Vue bathymétrique de la zone MH370. Image: YouTube/Geoscience Australia

Contrairement aux lunes et aux planètes, on ne peut pas cartographier les fonds marins par radar, car l'eau de mer a tendance à perturber les ondes radio en provenance d'un satellite. Afin de prendre des images à haute résolution, les experts devront déployer plusieurs techniques de sonar sophistiqués, qui permettront de cartographier des zones en forme de ruban avec une résolution d'environ 100 mètres.

Les systèmes de sonar utilisés pour localiser l'avion de Malaysia Airlines disparu en 2014 ont permis de découvrir des volcans sous-marins éteints, des dorsales et des failles océaniques qui étaient auparavant inconnus des scientifiques.

« La récente acquisition de données bathymétriques haute résolution nous a révélé le relief des certaines zones sous-marines pour la première fois, » déclare l'Agence australienne de sécurité des transports, dans un communiqué. « Elle a également fait la lumière sur les caractéristiques des fonds marins à plus petite échelle, des caractéristiques qui n'étaient pas visibles dans la résolution utilisée précédemment en barymétrie satellite. »
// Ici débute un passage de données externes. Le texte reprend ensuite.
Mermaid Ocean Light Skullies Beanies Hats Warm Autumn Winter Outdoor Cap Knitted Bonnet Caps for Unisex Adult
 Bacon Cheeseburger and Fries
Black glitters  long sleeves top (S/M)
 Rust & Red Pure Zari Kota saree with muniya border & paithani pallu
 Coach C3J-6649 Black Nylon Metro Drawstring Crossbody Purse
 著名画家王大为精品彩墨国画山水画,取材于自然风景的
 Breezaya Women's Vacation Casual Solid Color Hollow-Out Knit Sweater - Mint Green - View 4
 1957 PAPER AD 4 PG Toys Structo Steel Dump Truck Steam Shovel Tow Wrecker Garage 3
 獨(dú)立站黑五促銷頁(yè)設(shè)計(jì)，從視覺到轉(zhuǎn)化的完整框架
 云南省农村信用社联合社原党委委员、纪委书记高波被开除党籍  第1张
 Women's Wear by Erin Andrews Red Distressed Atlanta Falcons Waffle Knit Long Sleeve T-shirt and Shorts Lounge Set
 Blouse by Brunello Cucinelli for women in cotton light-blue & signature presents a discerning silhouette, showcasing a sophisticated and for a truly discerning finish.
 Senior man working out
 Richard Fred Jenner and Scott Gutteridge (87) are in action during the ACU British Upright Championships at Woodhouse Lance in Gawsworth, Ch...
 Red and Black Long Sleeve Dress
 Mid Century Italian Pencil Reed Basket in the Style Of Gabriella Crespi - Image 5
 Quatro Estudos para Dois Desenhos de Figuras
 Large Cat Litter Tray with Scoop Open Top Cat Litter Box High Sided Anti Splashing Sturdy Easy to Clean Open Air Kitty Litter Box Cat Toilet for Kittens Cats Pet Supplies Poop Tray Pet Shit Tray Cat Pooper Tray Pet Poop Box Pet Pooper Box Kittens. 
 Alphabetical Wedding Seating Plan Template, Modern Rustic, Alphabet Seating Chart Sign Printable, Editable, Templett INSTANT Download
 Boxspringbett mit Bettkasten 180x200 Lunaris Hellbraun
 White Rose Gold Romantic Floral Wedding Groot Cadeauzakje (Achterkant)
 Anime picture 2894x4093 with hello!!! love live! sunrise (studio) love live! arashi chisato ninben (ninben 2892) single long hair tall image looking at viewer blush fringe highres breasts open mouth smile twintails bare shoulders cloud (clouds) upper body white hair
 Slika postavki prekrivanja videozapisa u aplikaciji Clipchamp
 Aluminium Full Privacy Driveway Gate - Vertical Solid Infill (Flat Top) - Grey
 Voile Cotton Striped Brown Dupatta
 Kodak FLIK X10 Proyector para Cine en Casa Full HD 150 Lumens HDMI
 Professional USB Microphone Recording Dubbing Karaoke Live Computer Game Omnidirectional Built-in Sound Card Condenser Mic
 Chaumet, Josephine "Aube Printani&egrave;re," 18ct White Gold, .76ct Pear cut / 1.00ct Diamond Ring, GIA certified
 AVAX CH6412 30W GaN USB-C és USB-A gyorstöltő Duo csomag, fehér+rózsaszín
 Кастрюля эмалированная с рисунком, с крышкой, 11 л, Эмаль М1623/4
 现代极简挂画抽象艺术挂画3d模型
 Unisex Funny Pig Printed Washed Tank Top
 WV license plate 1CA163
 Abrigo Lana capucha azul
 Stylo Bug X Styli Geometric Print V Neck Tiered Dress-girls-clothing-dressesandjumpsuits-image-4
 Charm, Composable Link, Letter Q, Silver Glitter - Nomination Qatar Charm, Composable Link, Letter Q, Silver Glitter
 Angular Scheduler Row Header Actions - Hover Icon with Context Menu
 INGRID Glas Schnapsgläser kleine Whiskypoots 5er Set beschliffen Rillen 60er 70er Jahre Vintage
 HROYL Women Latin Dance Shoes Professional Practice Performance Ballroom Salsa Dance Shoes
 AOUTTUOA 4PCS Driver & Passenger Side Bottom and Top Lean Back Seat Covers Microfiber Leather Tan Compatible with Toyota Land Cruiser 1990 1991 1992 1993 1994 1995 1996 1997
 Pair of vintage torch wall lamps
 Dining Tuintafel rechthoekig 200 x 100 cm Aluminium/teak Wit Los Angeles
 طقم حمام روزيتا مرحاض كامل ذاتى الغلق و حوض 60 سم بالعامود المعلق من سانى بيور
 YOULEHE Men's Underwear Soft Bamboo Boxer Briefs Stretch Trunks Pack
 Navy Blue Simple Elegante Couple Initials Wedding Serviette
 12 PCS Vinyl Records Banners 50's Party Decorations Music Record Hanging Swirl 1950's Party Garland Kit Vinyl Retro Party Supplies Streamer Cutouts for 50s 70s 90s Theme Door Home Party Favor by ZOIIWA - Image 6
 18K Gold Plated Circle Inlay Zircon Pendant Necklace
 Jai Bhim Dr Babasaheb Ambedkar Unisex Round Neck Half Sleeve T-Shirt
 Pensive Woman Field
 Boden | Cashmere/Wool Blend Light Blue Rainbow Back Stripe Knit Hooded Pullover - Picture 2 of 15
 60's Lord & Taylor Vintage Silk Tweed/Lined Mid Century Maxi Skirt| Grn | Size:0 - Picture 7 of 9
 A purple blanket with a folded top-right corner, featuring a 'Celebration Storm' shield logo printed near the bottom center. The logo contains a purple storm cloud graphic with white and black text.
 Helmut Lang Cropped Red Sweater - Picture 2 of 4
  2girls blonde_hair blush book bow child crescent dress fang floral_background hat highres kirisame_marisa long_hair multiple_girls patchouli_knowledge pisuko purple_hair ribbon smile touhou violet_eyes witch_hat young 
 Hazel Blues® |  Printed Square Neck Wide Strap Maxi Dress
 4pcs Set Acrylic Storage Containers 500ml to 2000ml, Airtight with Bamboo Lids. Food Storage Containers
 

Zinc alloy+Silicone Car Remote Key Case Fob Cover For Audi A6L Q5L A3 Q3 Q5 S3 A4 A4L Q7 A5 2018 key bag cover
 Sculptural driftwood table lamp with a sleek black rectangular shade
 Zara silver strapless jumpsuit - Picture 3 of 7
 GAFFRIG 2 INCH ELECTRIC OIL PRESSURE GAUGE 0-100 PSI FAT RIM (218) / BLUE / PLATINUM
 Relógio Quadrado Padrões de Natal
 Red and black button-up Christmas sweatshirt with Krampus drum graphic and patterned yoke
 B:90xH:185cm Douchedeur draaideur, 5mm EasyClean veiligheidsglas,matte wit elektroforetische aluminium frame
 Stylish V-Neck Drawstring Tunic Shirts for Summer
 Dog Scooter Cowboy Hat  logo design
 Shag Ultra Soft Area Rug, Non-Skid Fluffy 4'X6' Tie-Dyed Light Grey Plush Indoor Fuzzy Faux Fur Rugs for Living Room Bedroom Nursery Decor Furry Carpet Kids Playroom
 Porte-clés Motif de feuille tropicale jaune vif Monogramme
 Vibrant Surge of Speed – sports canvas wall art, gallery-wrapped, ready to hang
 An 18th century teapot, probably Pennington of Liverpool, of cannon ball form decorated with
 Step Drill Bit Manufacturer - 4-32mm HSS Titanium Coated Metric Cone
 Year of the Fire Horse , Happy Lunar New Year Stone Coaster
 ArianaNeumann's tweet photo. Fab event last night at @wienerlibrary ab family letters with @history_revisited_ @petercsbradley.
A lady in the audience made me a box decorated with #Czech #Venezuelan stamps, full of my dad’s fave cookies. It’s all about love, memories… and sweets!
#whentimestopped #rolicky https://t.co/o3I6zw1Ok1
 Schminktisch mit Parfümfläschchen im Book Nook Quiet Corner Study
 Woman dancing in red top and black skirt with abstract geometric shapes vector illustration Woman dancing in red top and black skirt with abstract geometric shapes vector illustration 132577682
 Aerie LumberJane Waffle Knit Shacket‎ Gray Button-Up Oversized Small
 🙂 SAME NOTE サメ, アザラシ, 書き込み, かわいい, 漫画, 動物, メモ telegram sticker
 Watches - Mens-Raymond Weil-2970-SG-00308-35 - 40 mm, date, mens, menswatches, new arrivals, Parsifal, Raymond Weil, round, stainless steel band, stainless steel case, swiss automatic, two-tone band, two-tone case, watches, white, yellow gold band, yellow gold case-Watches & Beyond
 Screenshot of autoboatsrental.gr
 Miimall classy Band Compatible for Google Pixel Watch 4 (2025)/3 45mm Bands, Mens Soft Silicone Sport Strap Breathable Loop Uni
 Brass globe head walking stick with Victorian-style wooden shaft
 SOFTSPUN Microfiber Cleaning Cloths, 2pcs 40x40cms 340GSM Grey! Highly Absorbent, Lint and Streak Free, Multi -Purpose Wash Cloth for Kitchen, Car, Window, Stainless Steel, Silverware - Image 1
À l'heure actuelle, des projets ambitieux comme le Shell Ocean Discovery XPrize Challenge tentent d'exploiter l'ingéniosité de bénévoles partout dans le monde pour cartographier le plancher océanique. Même James Cameron a investi son temps et son argent dans le projet d'améliorer les technologies liées à la connaissance des océans.

Seuls le temps et la révélation des mystères des profondeurs nous diront si l'océan deviendra, à nouveau, la marotte des explorateurs.